The European Parliament's credibility as a guardian of democracy has been damaged by a report on Azerbaijan's presidential election that is markedly kinder than the verdict of the Organization for Security and Co-operation in Europe.
The OSCE found significant problems with every stage of the campaign, including intimidation of candidates and voters, the stuffing of ballot boxes, and intimidation of journalists. It assessed 58% of observed polling stations as bad or very bad. The election on 9 October returned Ilham Aliev as president with 85% of the vote. He has been president since 2003, when he took over from his father Heidar Aliev, who had been president for the previous ten years. The OSCE said that Azerbaijan had failed to heed most of its earlier recommendations.
An official election observation mission by the European Parliament, however, concluded that the election was “free, fair and transparent” and was marked by “more open electoral debate”. The team of seven MEPs, led by Pino Arlacchi of the Italian centre-left, limited its criticism almost entirely to saying that “improvements are still desirable with regards to the electoral framework”.
The other six members of the delegation were: Filip Kacmarek (Poland, EPP), Joachim Zeller (Germany, EPP), Evgeni Kirilov (Bulgaria, S&D), Norica Nicolai (Romania, ALDE), Milan Cabrnoch (Czech Republic, European Conservatives and Reformists) and Fiorello Provera (Italy, Europe of Freedom and Democracy).
The electoral observation mission had been controversial from the outset, with some political groups voicing fears that it might end up lending support to Aliev.
The European External Action Service told European Voice that it relied in its judgments on the conclusions of the OSCE.
Problems with the credibility of the Parliament have been further compounded by the activities of MEPs who were not in the official observation team, but went to observe the election nonetheless.
European Voice has identified nine MEPs who went to Baku last week, missing all or parts of the plenary session in Strasbourg.
Six of them assessed the election very favourably in their own name, in most cases to Azeri state-owned media.
Kriistina Ojuland, an Estonian liberal who was expelled from her national party earlier this summer for vote-rigging, was quoted as saying that the election was “free, fair and transparent”.
Three other liberal MEPs from the ALDE group – Ivo Vajgl (Slovenia), Alexandra Thein (Germany) and Hannu Takkula (Finland) – were members of delegations that issued very positive assessments of the election.
Croatian socialist Oleg Valjalo also attended and commented favourably on the election to Azeri media.

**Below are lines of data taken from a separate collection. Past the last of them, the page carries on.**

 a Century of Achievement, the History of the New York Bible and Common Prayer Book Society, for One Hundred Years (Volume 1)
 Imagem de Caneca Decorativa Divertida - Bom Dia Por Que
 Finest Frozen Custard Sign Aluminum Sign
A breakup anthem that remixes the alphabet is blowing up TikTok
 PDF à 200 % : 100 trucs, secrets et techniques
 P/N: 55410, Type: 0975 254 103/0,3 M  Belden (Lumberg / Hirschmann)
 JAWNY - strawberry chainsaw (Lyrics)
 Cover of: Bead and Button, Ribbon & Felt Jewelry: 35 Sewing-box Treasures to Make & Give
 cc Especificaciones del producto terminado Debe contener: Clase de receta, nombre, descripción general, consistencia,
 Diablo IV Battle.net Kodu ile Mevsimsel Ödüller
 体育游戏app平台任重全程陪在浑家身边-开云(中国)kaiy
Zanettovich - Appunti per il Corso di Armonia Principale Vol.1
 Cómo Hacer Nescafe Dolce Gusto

There were four MEPs from small or peripheral parties – Nick Griffin, a far-right UK MEP, Jacek Wlosowicz of Poland and Slavi Binev of Bulgaria, both of whom belong to the Europe of Freedom and Democracy (EFD) group, and Jirí Maštálka, a far-left Czech.
Binev said he paid his own way and was observing on his own behalf.
Griffin told European Voice: “I was there with the independent Central European Election Monitoring team, organised by the Vienna-based European Centre for Geo-Political Studies.”
Thein said her mission, which also included Gabriele Stauner, an ex-MEP who is to re-join the Parliament next week, was funded by the Berlin-based Society for the Promotion of German-Azerbaijani Relations (GEFDAB). The organisation is registered as a private company, and a representative said its funding was an internal matter of no public interest.
Ojuland said that she was invited by the Azeri parliament, but refused to disclose how her trip was financed.
Vajgl and Takkula went as part of a group organised by the European Academy for Elections Observation (EAEO), a Belgian-registered non-profit organisation, which reported that the election had “consolidated democracy”. The EAEO president, Stef Goris, a former Liberal member of the Belgian parliament, said that the EAEO's delegation comprised “135 MPs and political experts from 24 European Union countries and Canada”. He refused to detail the delegation's members, citing confidentiality, but described GEFDAB as its “sponsor”. The trips organised by EAEO and GEFDAB paid for flights and accommodation.
Maštálka, Wlosowicz and Valjalo did not respond to European Voice questions as to who paid for their trips.
The ALDE group and centre-left Socialists and Democrats group said that the MEPs had not gone to Azerbaijan with their approval.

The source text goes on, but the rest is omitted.